Bird Box review – Sandra Bullock's Netflix thriller is a bird-brained mess

Despite some tense moments, this apocalyptic shocker is a disappointingly clunky waste of a star-studded cast

A t the start of Susanne Bier’s apocalyptic thriller Bird Box, Sandra Bullock’s face fills the screen, daring the camera to break eye contact. Her Mallory is stern and commanding – Bullock’s in drill sergeant mode, not America’s sweetheart – and she doesn’t care about sounding kind. Outside, there are creatures who will kill you with a gaze. The audience never sees them ourselves, but we catch glimpses of their presence: the leaves rustle, the birds squawk and the unlucky victim’s pupils glaze over, turning red and watery as the viewers instantly kill themselves with the closest weapon: a window, a car, a desk – whatever’s handy, bloody and smash-y.

“If you look, you will die,” Mallory orders. Two small children stare back in silent fear. She’s spent five years surviving this plague-beast-Armageddon-whatsit, most of them trapped in this house. She’s outlasted the rest of her random roommates, a grab-bag of people who, like her, blundered into the first open door the morning most of the planet got massacred, a baby carriage rolling down the street as though Bird Box wants Battleship Potemkin to make room. Now, she has to shepherd these kids out of their home, into a rowboat, and down a dangerous river – blindfolded. For days. Sighs Mallory: “It’s going to feel like it’s going on for a long time.”

Boy, does it. Bier and her Netflix producers have made an algorithmic chiller that includes every trend from the sensory deprivation horror of Don’t Breathe and A Quiet Place to JJ Abrams’ mysterious monsters to thunderingly thematic sci-fi like Arrival, which screenwriter Eric Heisserer also penned. Bird Box’s pieces feel forcibly screwed together, a movie marionetted by strings of data code. There’s good scenes and smart ideas, but overall, the movie mostly clomps. Tense sequences, like an early attempt to head out for food, are capped by clunky punchlines while the climax is almost guaranteed to get giggles, as though the puppeteers in charge accidentally screwed on that scene in The Wicker Man where Nicolas Cage screams about the bees.

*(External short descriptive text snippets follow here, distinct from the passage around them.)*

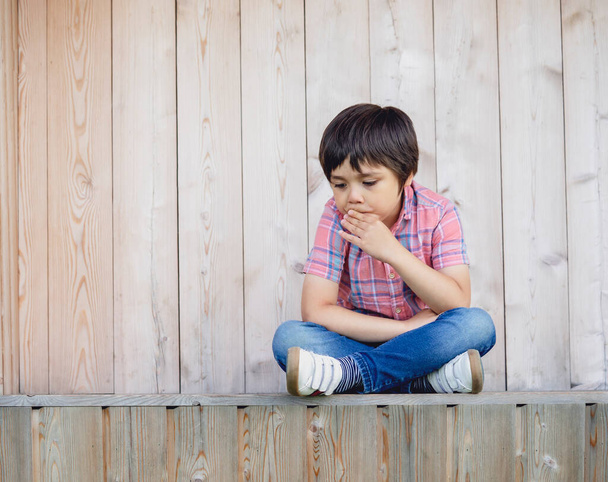 Emotional portrait of Unhappy boy sitting next to wooden wall with sad face, Upset kid sitting alone and looking down with thinking face, Lonely child with bored face,Mental health child concept - Photo, Image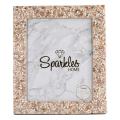 A rectangular picture frame with a shell and bead design in beige cream and soft pink tones surrounding a marble-patterned inner section.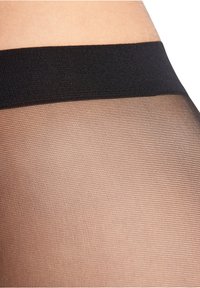 Fascia nera sopra collant trasparenti color marrone chiaro con una texture liscia, che mostra un fine e sottile motivo su tutta la superficie.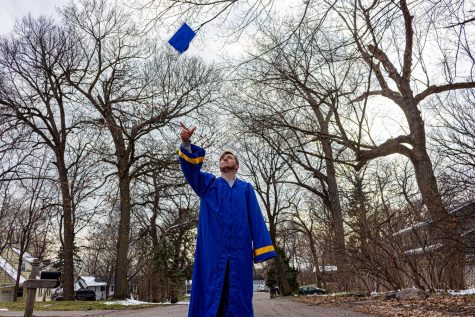 for an article about covid-19 photos, a graduating student tosses their cap in the air outside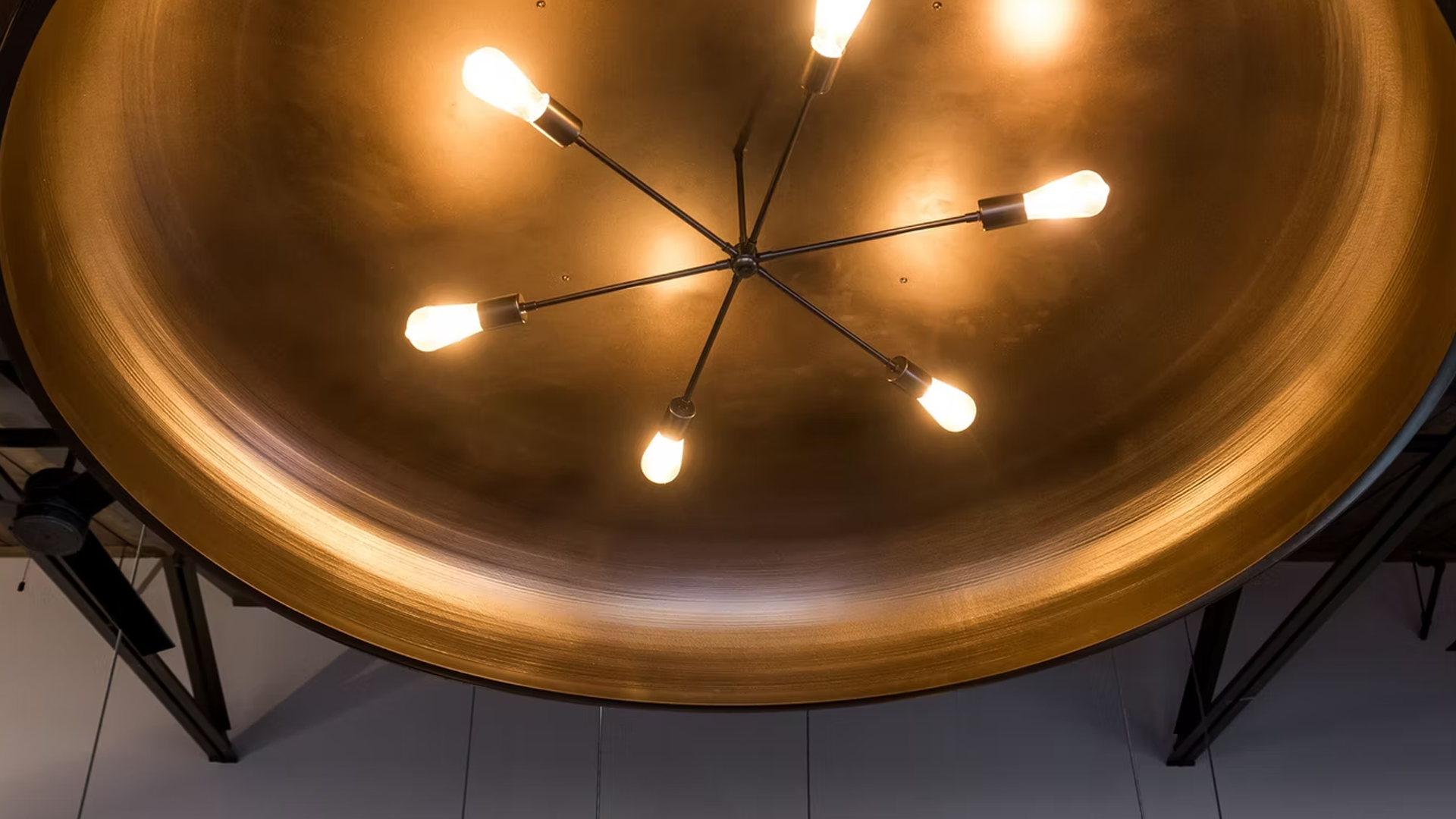 Gold dome ceiling with a sputnik-style light fixture, six bulbs lit.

The ensemble, too, feels as curated as a box of donuts. There’s the classic crowd-pleasers such as Bullock and John Malkovich as an alcoholic crank who blames Mallory for the death of his third wife. (His second, he admits, said hell “couldn’t be worse than being married to me”.) There’s the cult favorites such as Sarah Paulson and Jacki Weaver. And then there’s the exciting flavors, all upcoming actors seized while hot: Moonlight’s Trevante Rhodes, Patti Cake$’s Danielle MacDonald, The Maze Runner’s Rosa Salazar, Get Out’s Lil Rel Howery as a grocery store worker who never strips off his polyester vest, and Machine Gun Kelly, poised to slither on to every hitlist after playing Tommy Lee in the Mötley Crüe biopic The Dirt.

These characters feel so crammed together and underwritten that they add up to almost nothing. When we meet them all, the camera bobs around like it’s just trying to count off that everyone’s in the room. Within minutes, the strangers solve the basic concept of what’s killing the globe, voices overlapping like this horror film could, with one butler tuxedo, suddenly spin into a British farce with people barging in and out of the kitchen in high-pitched crisis announcing things such as: “We need toilet paper!” and “Don’t answer the door!” No one gets a backstory. They simply arrive with one personality trait – Paulson’s character really likes horses, McDonald is a wannabe Disney princess – or in Kelly’s case, ominous camerawork that shoots him like a slasher villain for no reason at all. At the end of the film, you don’t feel moved to hoot for any of the individual performances – but you’re tempted to applaud the casting director.

Sandra Bullock and Sarah Paulson in Bird Box

Kicking off with Mallory’s brutal river babysitter mission is bold and bone-headed. That opening lecture lets Bier establish Bird Box’s rules, not that the two tykes listening are any more obedient than puppies. But when the film then jumps back five years to the first day of the attack, where most of the film takes place, there’s zero suspense in watching the rest of the cast get picked off. The what, why and how of the crisis never gets answered. Bird Box only grapples with the question of when – when will each person be stricken with the vicious Visine? – but even the film’s sense of time feels scrambled. The major scenes in the house could take place over days or weeks, it’s impossible to tell.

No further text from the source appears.